● **EXERCISE**
The response should contain only those lines of the entries below that include the string "Hand".

● **TASK DATA**
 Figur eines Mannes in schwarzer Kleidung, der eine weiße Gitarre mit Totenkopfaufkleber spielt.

==

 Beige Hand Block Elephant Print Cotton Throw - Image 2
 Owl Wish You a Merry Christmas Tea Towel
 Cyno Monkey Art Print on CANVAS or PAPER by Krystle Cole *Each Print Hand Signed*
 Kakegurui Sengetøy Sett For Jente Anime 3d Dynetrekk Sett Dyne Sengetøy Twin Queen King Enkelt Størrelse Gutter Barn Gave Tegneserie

● **RESULT**
 Beige Hand Block Elephant Print Cotton Throw - Image 2
 Cyno Monkey Art Print on CANVAS or PAPER by Krystle Cole *Each Print Hand Signed*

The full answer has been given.